ASSIGNMENT: Pictures are not part of the answer. Return the lines from the one containing "Vampire. They plan" through the end of the data, both included, exactly as they appear.

RECORDED INFORMATION:

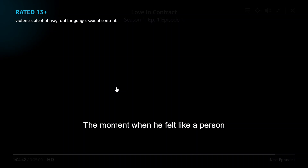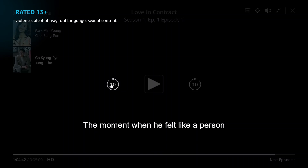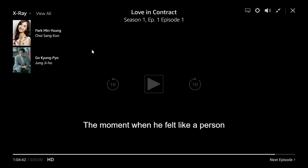Hi guys, welcome to our channel. In today's video, I will show you how to remove subtitles in Amazon Prime.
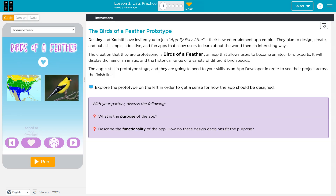Vampire. They plan to design, create, and publish simple, addictive, and fun apps that allow users to learn about the world around them in interesting ways. The creation that they are prototyping is Birds of a Feather, an app that allows users to become amateur bird experts.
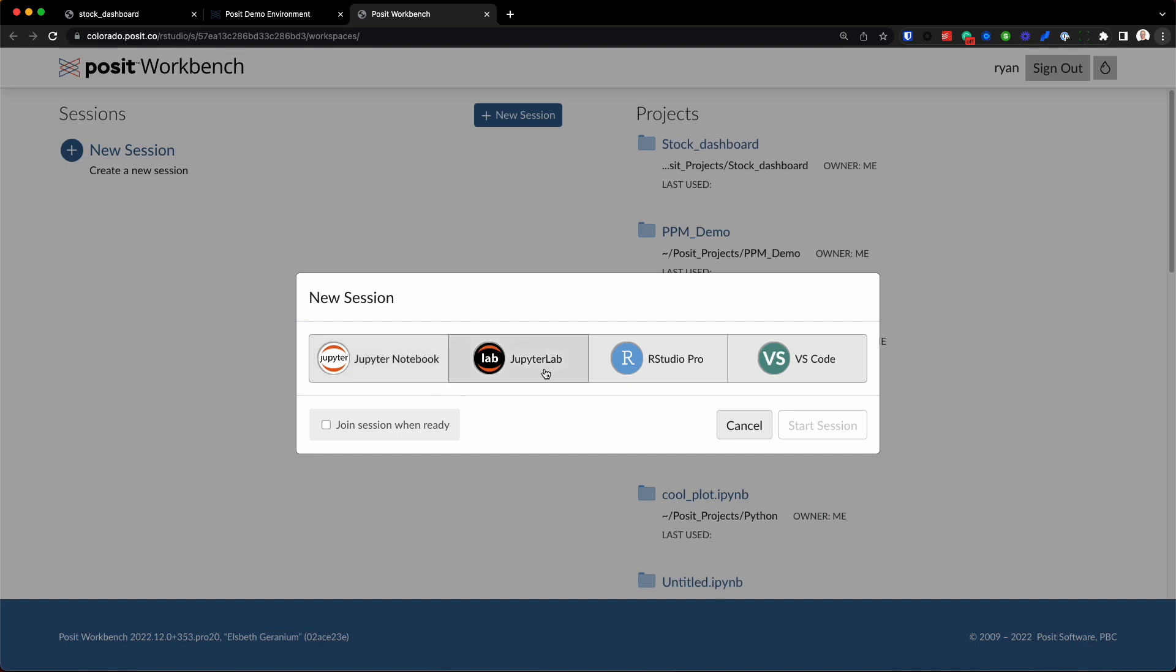So we currently support Jupyter Notebook, JupyterLab, we have the RStudio IDE as well, and then we have the VS Code editor which is a great all-purpose editor which is what we're going to use today.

THE COMPLETED TASK:
Vampire. They plan to design, create, and publish simple, addictive, and fun apps that allow users to learn about the world around them in interesting ways. The creation that they are prototyping is Birds of a Feather, an app that allows users to become amateur bird experts.
So we currently support Jupyter Notebook, JupyterLab, we have the RStudio IDE as well, and then we have the VS Code editor which is a great all-purpose editor which is what we're going to use today.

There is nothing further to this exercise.